🤖 AI Summary
Existing OSM query tools (e.g., Overpass Turbo) rely on complex domain-specific query languages, hindering efficient geospatial verification by non-technical users such as investigative journalists. To address this, we propose the first high-accuracy natural language–to–geospatial query system for OpenStreetMap. Our method combines LLM fine-tuning, an OSM-specific synthetic data generation pipeline, a semantic bundling mechanism, and a structured geospatial query parser—jointly mitigating LLM hallucination, OSM tag heterogeneity, and user input noise. The system enables direct retrieval of spatial object configurations from scenario-based natural language descriptions and integrates interactive map visualization. Experiments demonstrate significant improvements in both accuracy and accessibility for geospatial verification; real-world deployment in investigative journalism confirms practical efficacy. The code and models are open-sourced and actively used in production.
📝 Abstract
OpenStreetMap (OSM) is a vital resource for investigative journalists doing geolocation verification.
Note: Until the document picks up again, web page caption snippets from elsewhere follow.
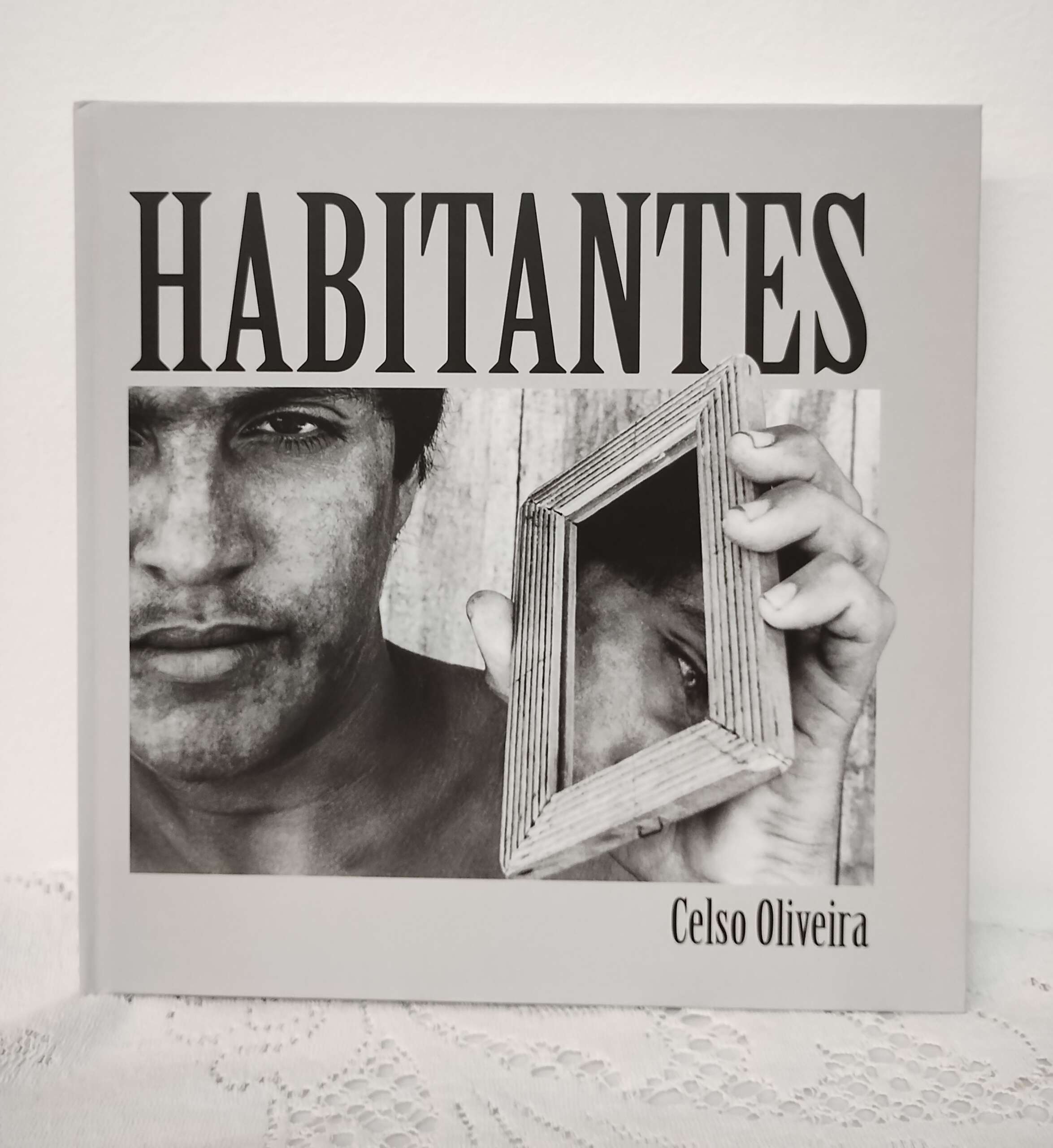 Com apoio da Secult, Celso Oliveira lança livro “Habitantes” no CCBNB Fortaleza, na quarta (6/8), celebrando 50 anos de fotografia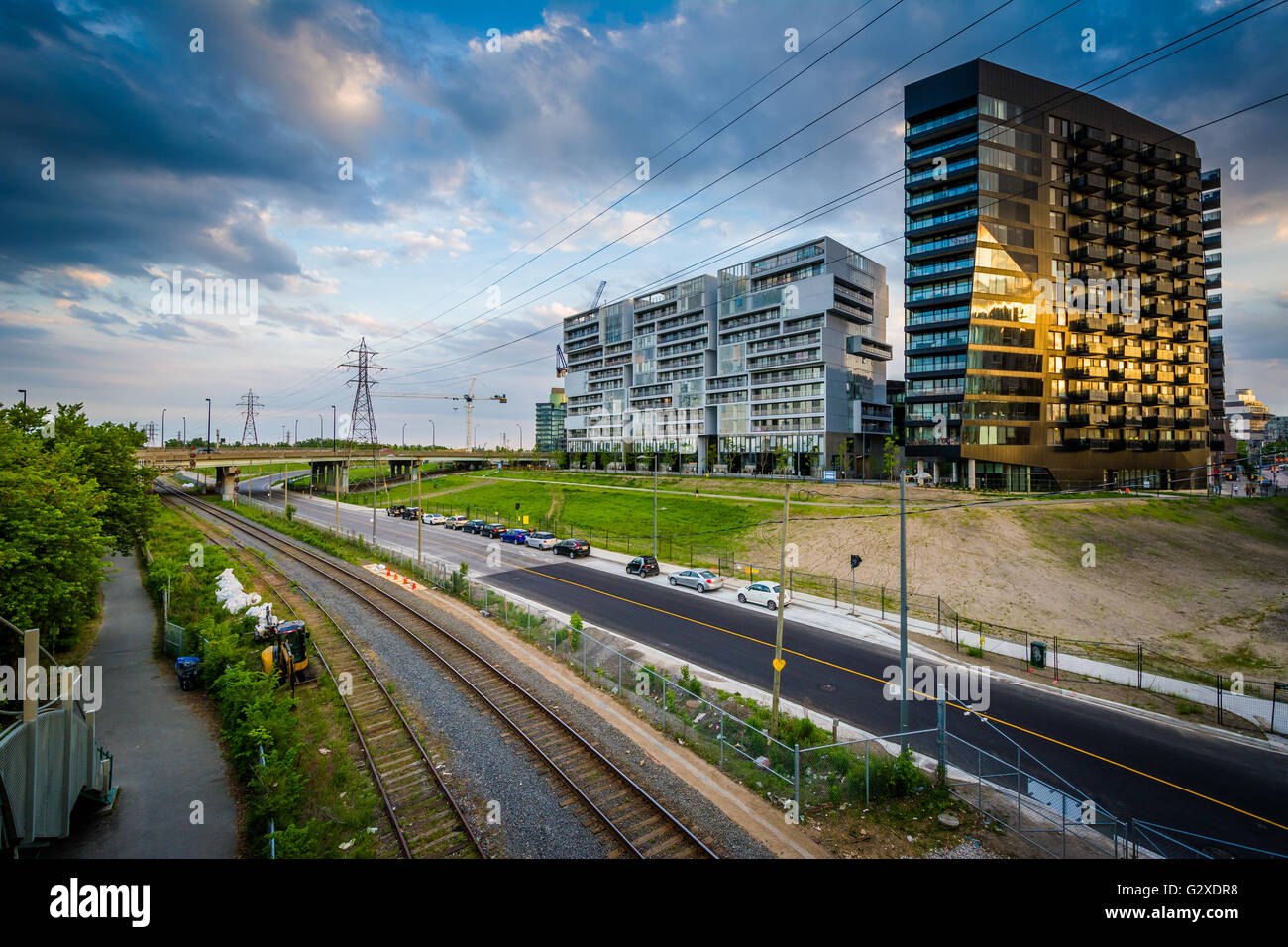 Eisenbahnschienen und Eigentumswohnung Hochhäuser entlang des Flusses Don in Toronto, Ontario. Stockfoto Eisenbahnschienen und Eigentumswohnung Hochhäuser entlang des Flusses Don in Toronto, Ontario. Stockfoto
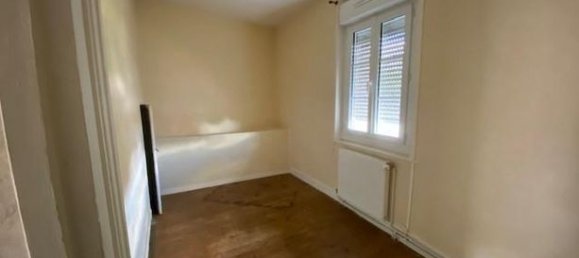 3 bedrooms Villa in Montdidier, France No. 301724 6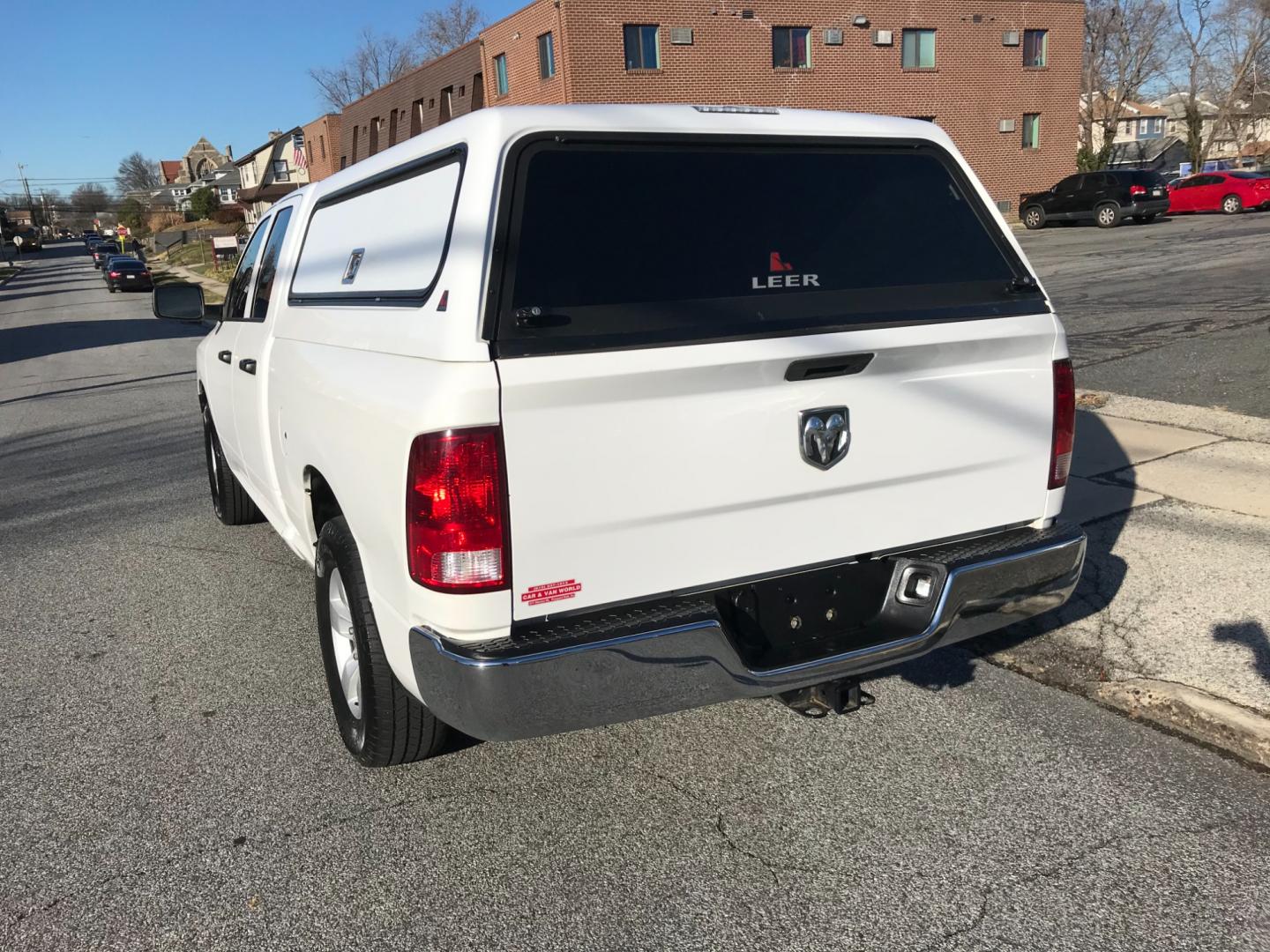 2017 White /Gray RAM 1500 1500 (1C6RR6FG4HS) with an 3.6 V6 engine, Automatic transmission, located at 577 Chester Pike, Prospect Park, PA, 19076, (610) 237-1015, 39.886154, -75.302338 - Photo#5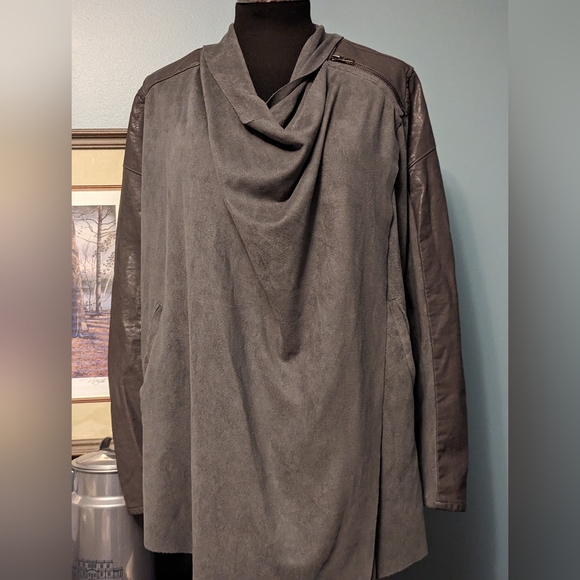 Blank NYC faux suede and leather jacket, size small, gray - Picture 4 of 13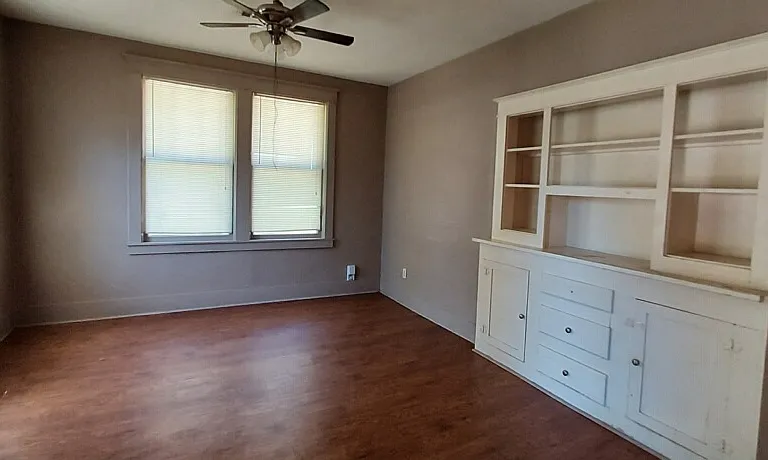 300 Rose Ln — Photo 14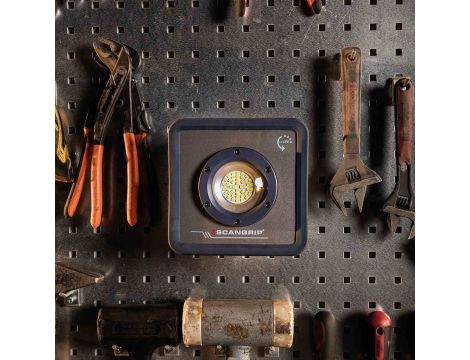 Kompaktowa akumulatorowa lampa robocza LED 1000 lm 7,3 W Scangrip NOVA MINI forLIFE 03.6200 - 4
However, existing tools to query OSM data such as Overpass Turbo require familiarity with complex query languages, creating barriers for non-technical users. We present SPOT, an open source natural language interface that makes OSM's rich, tag-based geographic data more accessible through intuitive scene descriptions. SPOT interprets user inputs as structured representations of geospatial object configurations using fine-tuned Large Language Models (LLMs), with results being displayed in an interactive map interface. While more general geospatial search tasks are conceivable, SPOT is specifically designed for use in investigative journalism, addressing real-world challenges such as hallucinations in model output, inconsistencies in OSM tagging, and the noisy nature of user input. It combines a novel synthetic data pipeline with a semantic bundling system to enable robust, accurate query generation. To our knowledge, SPOT is the first system to achieve reliable natural language access to OSM data at this level of accuracy. By lowering the technical barrier to geolocation verification, SPOT contributes a practical tool to the broader efforts to support fact-checking and combat disinformation.